WHAT THE TASK REQUIRES —
Please output the data below exactly as given, starting at its first line and stopping after the line that contains "Youye Customized Auto".

───── SUPPLIED RECORDS

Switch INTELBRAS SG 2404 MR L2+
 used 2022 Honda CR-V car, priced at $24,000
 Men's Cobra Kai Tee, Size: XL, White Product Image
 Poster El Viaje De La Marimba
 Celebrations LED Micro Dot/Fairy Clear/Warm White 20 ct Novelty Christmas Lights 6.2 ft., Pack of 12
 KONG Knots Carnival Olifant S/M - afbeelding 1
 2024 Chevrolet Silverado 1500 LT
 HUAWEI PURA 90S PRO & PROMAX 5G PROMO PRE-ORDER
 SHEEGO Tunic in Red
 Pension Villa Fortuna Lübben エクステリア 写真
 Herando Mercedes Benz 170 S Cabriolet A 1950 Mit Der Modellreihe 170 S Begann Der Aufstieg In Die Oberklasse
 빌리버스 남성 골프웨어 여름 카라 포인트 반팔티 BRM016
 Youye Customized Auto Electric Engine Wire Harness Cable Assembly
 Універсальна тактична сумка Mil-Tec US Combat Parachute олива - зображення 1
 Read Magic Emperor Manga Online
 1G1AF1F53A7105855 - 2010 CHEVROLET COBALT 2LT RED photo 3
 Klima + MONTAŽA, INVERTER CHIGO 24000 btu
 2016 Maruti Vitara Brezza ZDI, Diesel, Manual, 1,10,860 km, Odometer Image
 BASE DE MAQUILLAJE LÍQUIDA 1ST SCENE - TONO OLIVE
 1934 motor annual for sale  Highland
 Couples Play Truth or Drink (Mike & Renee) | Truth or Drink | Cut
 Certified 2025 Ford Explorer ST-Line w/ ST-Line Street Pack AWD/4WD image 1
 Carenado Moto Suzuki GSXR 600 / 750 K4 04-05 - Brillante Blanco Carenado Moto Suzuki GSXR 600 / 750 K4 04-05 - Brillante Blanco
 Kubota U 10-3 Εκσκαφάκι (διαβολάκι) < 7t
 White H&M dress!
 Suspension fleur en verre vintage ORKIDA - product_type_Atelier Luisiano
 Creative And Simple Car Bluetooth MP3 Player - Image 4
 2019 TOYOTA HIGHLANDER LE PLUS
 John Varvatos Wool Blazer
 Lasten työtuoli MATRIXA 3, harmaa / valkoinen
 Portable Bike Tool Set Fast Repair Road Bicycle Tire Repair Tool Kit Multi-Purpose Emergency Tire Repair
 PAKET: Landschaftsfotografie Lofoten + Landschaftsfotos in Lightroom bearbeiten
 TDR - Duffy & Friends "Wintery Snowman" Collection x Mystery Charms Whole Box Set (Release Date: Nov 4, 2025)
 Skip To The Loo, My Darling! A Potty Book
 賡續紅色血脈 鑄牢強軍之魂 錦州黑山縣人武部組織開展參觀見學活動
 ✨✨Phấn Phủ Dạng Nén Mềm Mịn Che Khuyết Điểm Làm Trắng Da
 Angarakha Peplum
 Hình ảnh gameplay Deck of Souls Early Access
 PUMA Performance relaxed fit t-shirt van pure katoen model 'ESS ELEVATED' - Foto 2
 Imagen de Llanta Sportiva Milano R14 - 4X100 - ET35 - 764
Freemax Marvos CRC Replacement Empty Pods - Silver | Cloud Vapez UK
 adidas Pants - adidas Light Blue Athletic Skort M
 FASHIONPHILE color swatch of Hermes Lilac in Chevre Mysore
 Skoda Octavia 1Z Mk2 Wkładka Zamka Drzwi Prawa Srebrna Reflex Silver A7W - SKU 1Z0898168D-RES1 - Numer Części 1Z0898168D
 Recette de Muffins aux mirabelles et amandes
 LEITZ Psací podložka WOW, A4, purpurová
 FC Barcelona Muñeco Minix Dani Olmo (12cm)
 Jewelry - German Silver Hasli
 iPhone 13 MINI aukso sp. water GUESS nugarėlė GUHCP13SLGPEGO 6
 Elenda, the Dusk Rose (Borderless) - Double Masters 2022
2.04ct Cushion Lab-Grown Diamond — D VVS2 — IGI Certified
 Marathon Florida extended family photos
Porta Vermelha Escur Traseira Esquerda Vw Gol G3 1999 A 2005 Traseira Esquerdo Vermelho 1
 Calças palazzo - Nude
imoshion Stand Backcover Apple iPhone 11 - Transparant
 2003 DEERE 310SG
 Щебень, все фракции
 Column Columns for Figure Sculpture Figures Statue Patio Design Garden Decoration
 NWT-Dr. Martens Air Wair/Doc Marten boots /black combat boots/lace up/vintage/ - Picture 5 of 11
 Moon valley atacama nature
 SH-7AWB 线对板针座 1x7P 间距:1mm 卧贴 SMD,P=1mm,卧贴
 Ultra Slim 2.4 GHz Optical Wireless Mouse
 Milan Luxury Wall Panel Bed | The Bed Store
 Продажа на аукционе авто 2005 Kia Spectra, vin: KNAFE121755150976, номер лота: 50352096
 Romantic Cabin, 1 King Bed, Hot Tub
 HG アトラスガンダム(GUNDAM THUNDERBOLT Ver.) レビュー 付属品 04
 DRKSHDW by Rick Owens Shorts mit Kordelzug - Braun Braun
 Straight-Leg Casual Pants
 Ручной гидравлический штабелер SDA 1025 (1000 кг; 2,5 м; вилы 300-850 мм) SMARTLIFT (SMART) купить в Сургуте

──────────

EXERCISE ANSWER —
Switch INTELBRAS SG 2404 MR L2+
 used 2022 Honda CR-V car, priced at $24,000
 Men's Cobra Kai Tee, Size: XL, White Product Image
 Poster El Viaje De La Marimba
 Celebrations LED Micro Dot/Fairy Clear/Warm White 20 ct Novelty Christmas Lights 6.2 ft., Pack of 12
 KONG Knots Carnival Olifant S/M - afbeelding 1
 2024 Chevrolet Silverado 1500 LT
 HUAWEI PURA 90S PRO & PROMAX 5G PROMO PRE-ORDER
 SHEEGO Tunic in Red
 Pension Villa Fortuna Lübben エクステリア 写真
 Herando Mercedes Benz 170 S Cabriolet A 1950 Mit Der Modellreihe 170 S Begann Der Aufstieg In Die Oberklasse
 빌리버스 남성 골프웨어 여름 카라 포인트 반팔티 BRM016
 Youye Customized Auto Electric Engine Wire Harness Cable Assembly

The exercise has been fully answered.